Saturday, January 7, 2017

Day 10 - Heritage Walk, Ahmedabad

Each morning in Ahmedabad, we sat in the hotel's courtyard for a breakfast buffet, catching up with our fellow tour members and telling stories. We would order our standard breakfast omelet -- as Mat is in love with the mild, soft cheese here in India. Most days, the neighborhood's monkey population visited our group. They climbed down from their perch on the nearby building or swung near the buffet table via the large tree just outside the hotel wall. It wouldn't take long for the hotel owner to scare them away. They were a little more aggressive than the visiting pigeons, but it was fun to see them here in the city. 

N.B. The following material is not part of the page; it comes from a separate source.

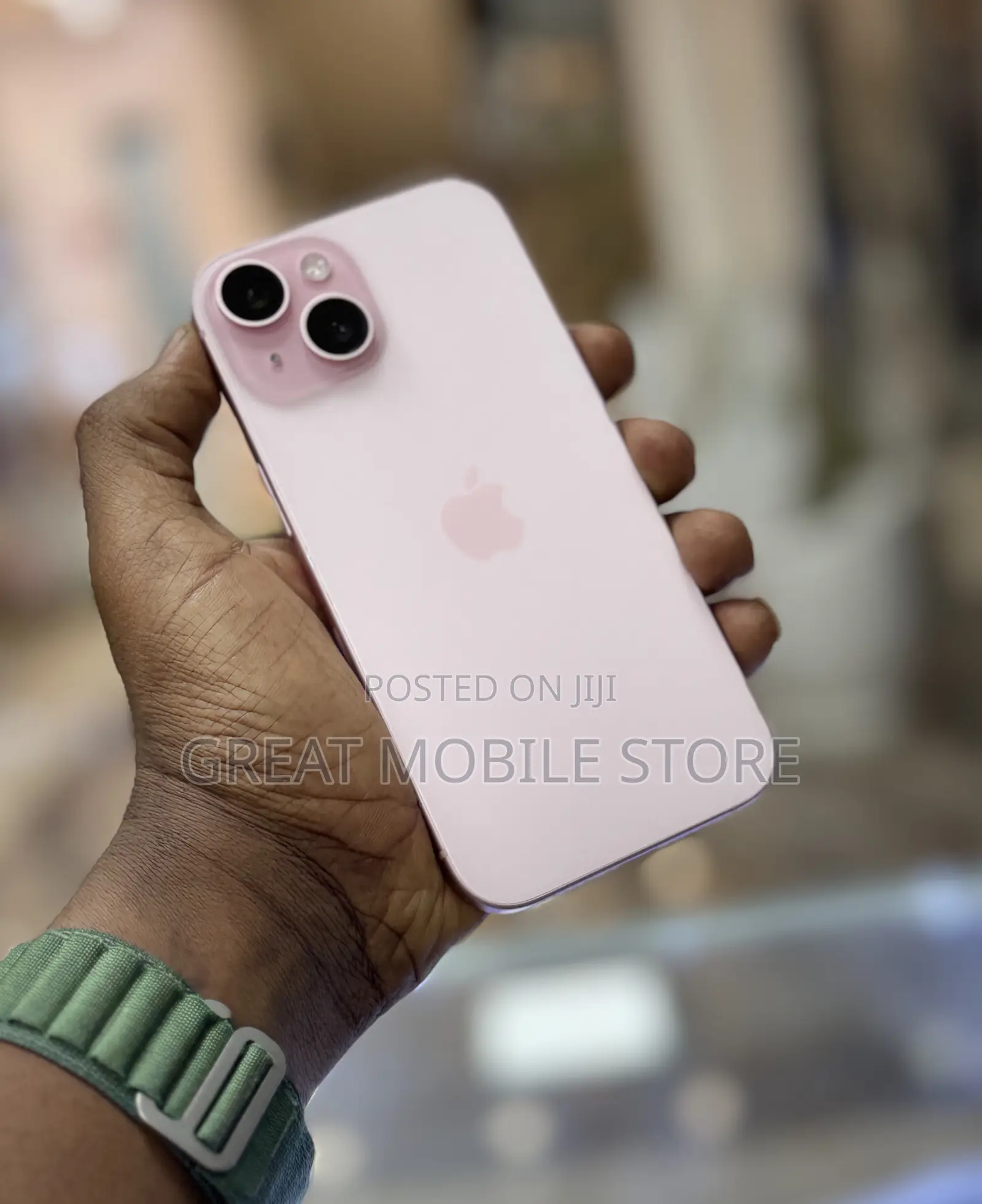 Apple iPhone 15 128 GB Pink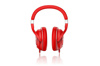 Slika - Genius HS-610 2.0 rdeče, slušalke z mikrofonom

After breakfast and monkeys, we embarked again for Old City of Ahmedabad -- this time for a Heritage Walk with our entire group and a local guide. There are so many areas of historical significance in Ahmedabad.  Ahmedabad was established in 1411 by Ahmed Shah.  The ending "-bad" means city or dwelling just as the ending "pur" or "pol" which also means the same thing -- one's habitat. So our tour was taken across the old city by foot to the joining neighborhoods or "pols."
Ahmedabad's "Pol" or neighborhoods are interconnected throughout the old city

The people of this city practice their own form of Feng Shui. The roads of this planned city structure flow north and south, and houses are built east to west so that the sun shines through the front of the house in the morning. Beyond planning the direction of roads and houses, Old Ahmedabad is organized by 600 different communities that live together here. Imagine how areas of America have Chinatown in New York or Boston's Italian population resiides in its North End. To keep everyone living peacefully, this kind of "pol" culture was promoted.  Priest, shepherd, Jain, every community had its own structure, personality, behavior every community. For example, practitioners of Jainism strictly eat vegetarian; if someone next door cooks non-vegetarian food, their religious sentiment may be compromised. Shepherds tend to the animals--so the cow dung might get problematic for others in the community. Priests may have a different daily prayer schedule than the other people and ringing of bells in the early morning may disrupt other city dwellers. So because of their cultural differences they prefer to stay in separate communities.

Though there are distinct neighborhods, every "pol" is connected though over 100 secret passages. Our tour group paused in an alleyway where we were surrounded by doors of many colors, sizes and shapes. The guide then asked us to find the secret passage --a door led beneath the dwellings and into the next neighborhood. After finding a hidden toilet facility and a closet, we did finally select the secret passage into the next neighborhood.
One of the temples we visited during our Heritage Walk


After our city tour, we checked out late from the hotel to make our way to the Ahmedabad station for the last train ride of this pilgrimage--from Ahmedabad to Ajmer.  This train ride was to be a much shorter ride than our first-- only 6 hours.  Mat and I shared a sleeper compartment with an Indian family with children much the same age as our own. We slept in the adjacent bottom bunks, and the children slept above us. The train traveled northeast to Ajmer where we visited Barefoot College.